[ASSIGNMENT] Restate word for word the lines of the material below, from the line with "11 Cách trị" to the line with "implante com nanotecnologia", both lines included, and no others.

[EXCERPTED RECORDS]
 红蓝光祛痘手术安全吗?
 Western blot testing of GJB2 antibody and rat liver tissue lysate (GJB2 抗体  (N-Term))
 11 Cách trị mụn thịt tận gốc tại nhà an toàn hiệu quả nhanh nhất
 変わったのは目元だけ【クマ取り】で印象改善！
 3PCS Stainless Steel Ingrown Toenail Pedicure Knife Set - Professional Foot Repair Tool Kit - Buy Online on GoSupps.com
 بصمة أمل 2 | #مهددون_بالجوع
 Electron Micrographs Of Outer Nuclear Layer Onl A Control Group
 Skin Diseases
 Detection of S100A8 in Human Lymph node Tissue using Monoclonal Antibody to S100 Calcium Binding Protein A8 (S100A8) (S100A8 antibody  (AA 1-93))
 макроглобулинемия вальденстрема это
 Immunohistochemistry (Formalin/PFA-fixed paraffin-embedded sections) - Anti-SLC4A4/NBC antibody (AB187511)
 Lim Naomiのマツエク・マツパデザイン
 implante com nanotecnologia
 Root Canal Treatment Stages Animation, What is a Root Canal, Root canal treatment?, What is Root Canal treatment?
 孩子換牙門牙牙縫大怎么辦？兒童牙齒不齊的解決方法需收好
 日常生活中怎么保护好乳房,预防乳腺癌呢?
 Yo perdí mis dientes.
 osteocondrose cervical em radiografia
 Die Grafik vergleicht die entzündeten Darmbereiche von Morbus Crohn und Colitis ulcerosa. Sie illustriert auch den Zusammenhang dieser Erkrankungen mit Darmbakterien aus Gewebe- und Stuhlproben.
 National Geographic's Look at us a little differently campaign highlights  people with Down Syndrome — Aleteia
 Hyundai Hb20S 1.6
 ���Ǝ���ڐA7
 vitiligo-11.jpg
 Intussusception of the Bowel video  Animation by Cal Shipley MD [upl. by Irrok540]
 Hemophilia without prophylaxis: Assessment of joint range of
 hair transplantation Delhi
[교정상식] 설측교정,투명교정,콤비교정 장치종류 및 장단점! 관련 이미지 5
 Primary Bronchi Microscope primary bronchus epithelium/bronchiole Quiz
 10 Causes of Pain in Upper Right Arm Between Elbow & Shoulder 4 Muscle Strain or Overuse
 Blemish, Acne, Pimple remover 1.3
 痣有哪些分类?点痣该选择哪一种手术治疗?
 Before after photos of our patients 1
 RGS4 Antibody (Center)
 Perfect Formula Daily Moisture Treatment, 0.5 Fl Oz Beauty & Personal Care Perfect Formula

[OUTPUT OF THE EXERCISE]
 11 Cách trị mụn thịt tận gốc tại nhà an toàn hiệu quả nhanh nhất
 変わったのは目元だけ【クマ取り】で印象改善！
 3PCS Stainless Steel Ingrown Toenail Pedicure Knife Set - Professional Foot Repair Tool Kit - Buy Online on GoSupps.com
 بصمة أمل 2 | #مهددون_بالجوع
 Electron Micrographs Of Outer Nuclear Layer Onl A Control Group
 Skin Diseases
 Detection of S100A8 in Human Lymph node Tissue using Monoclonal Antibody to S100 Calcium Binding Protein A8 (S100A8) (S100A8 antibody  (AA 1-93))
 макроглобулинемия вальденстрема это
 Immunohistochemistry (Formalin/PFA-fixed paraffin-embedded sections) - Anti-SLC4A4/NBC antibody (AB187511)
 Lim Naomiのマツエク・マツパデザイン
 implante com nanotecnologia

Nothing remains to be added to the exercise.